INFORMATION SHOWN:
○ ○ ○ ○ ○

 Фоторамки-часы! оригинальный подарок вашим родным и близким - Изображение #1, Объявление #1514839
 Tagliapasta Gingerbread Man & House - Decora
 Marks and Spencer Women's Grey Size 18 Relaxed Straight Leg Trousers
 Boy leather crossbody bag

○ ○ ○ ○ ○

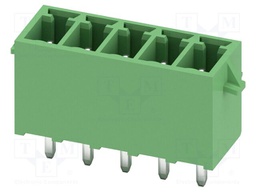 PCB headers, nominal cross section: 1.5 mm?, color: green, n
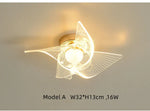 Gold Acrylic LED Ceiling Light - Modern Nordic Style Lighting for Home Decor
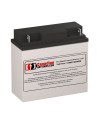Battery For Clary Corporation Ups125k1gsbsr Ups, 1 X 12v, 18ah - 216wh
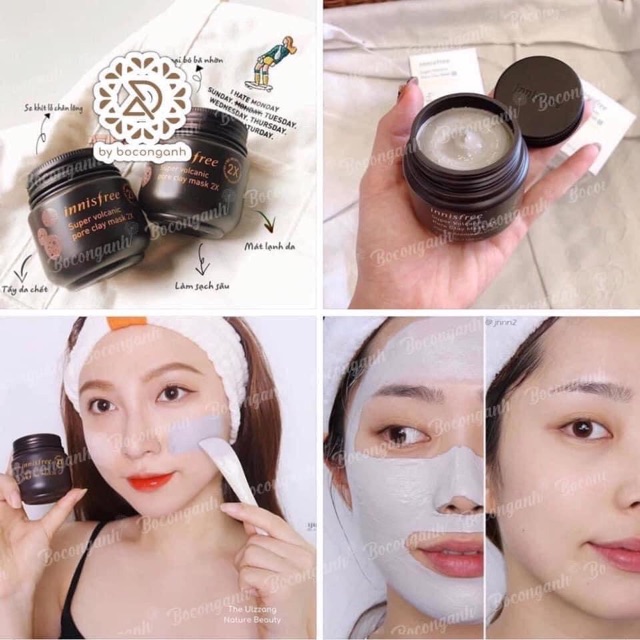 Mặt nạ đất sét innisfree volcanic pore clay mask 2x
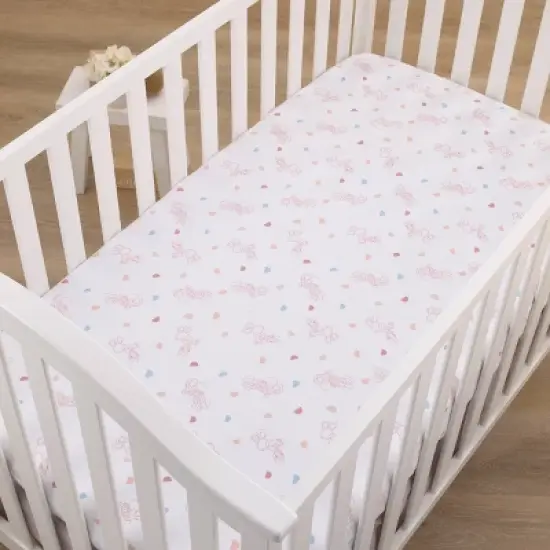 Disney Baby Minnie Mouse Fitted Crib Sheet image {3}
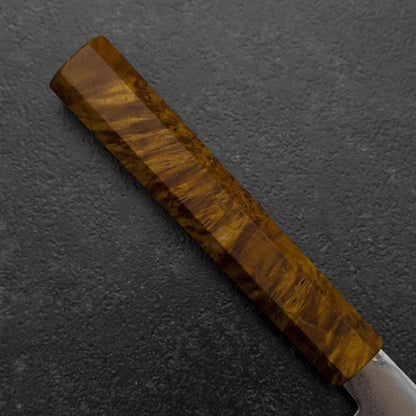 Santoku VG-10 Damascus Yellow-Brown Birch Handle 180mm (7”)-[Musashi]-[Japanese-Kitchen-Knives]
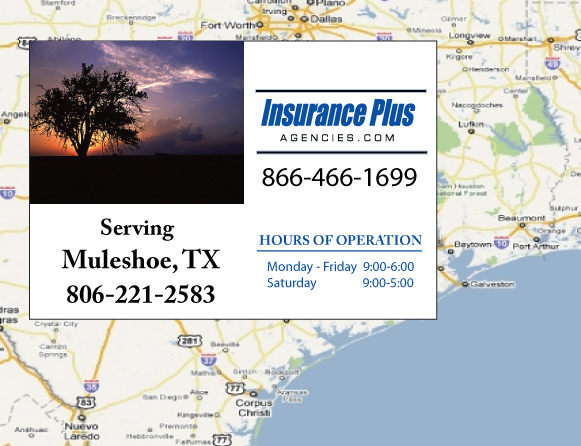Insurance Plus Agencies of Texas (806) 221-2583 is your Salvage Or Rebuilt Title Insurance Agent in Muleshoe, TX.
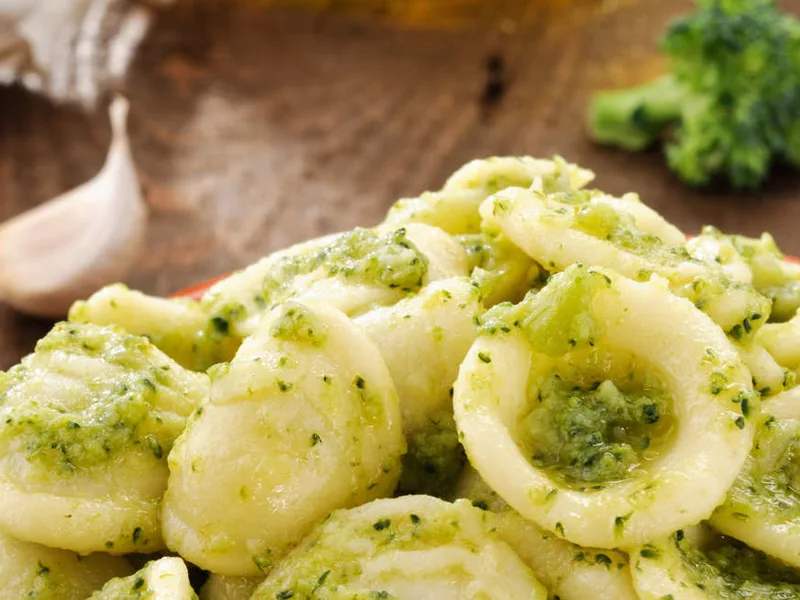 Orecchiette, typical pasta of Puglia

○ ○ ○ ○ ○

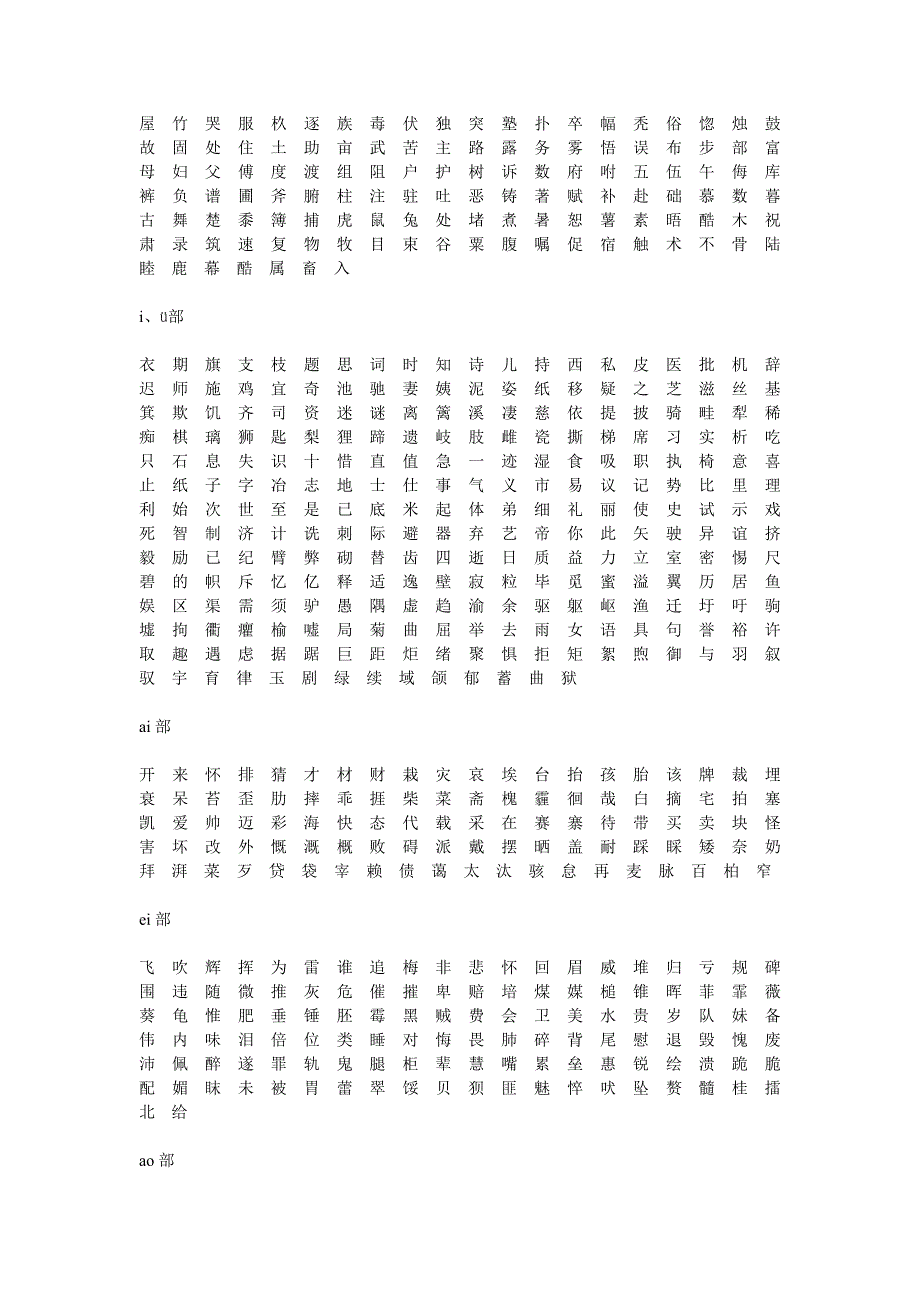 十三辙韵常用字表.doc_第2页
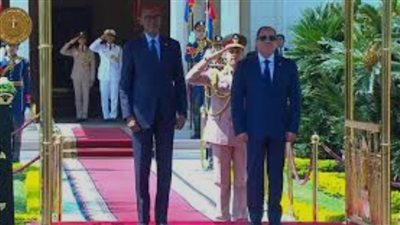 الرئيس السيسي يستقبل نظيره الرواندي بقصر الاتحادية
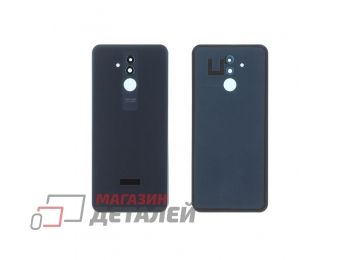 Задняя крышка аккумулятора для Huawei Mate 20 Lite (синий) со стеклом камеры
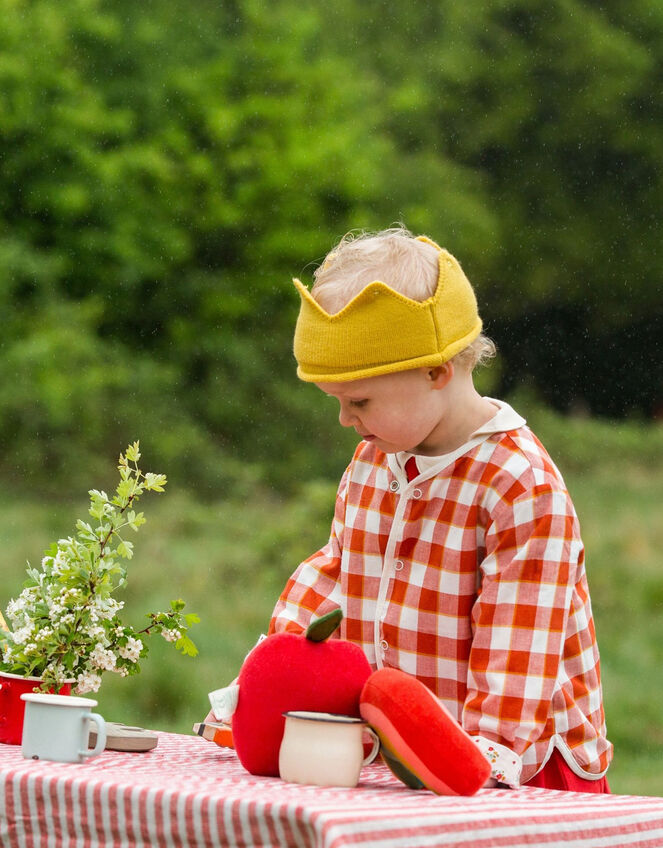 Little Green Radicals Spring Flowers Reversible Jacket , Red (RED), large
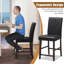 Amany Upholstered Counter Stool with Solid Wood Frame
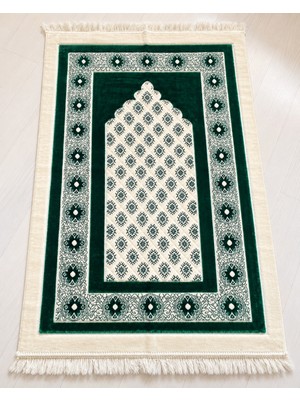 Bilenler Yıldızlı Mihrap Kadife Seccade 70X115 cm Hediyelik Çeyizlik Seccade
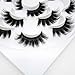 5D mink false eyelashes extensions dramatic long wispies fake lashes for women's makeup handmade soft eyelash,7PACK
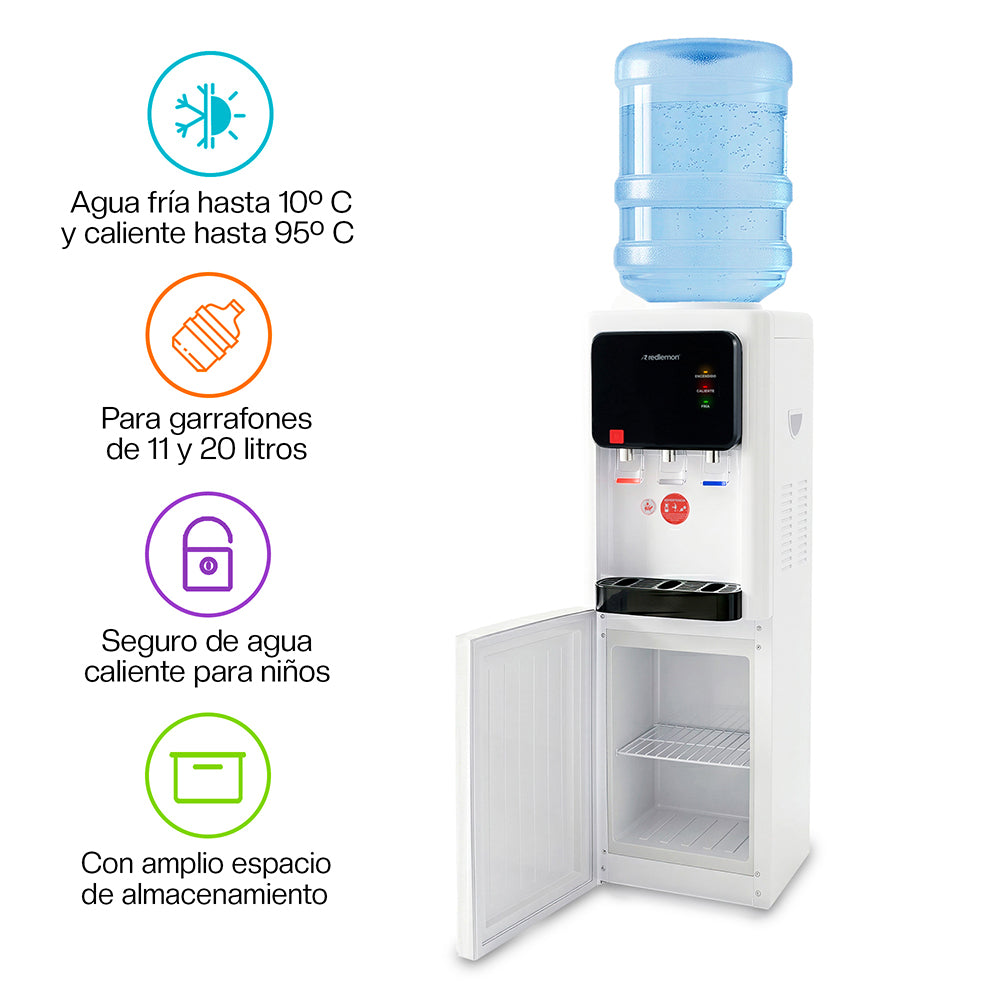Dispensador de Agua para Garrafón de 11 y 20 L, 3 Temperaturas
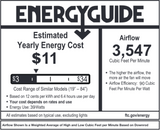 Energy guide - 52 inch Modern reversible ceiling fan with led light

○ ○ ○ ○ ○

YOUR GOAL: From the records above, repeat exactly the lines from the one with "Tagliapasta Gingerbread Man & House - Decora" through the one with "Boy leather crossbody bag", both included.

RESPONSE TO THIS TASK:
 Tagliapasta Gingerbread Man & House - Decora
 Marks and Spencer Women's Grey Size 18 Relaxed Straight Leg Trousers
 Boy leather crossbody bag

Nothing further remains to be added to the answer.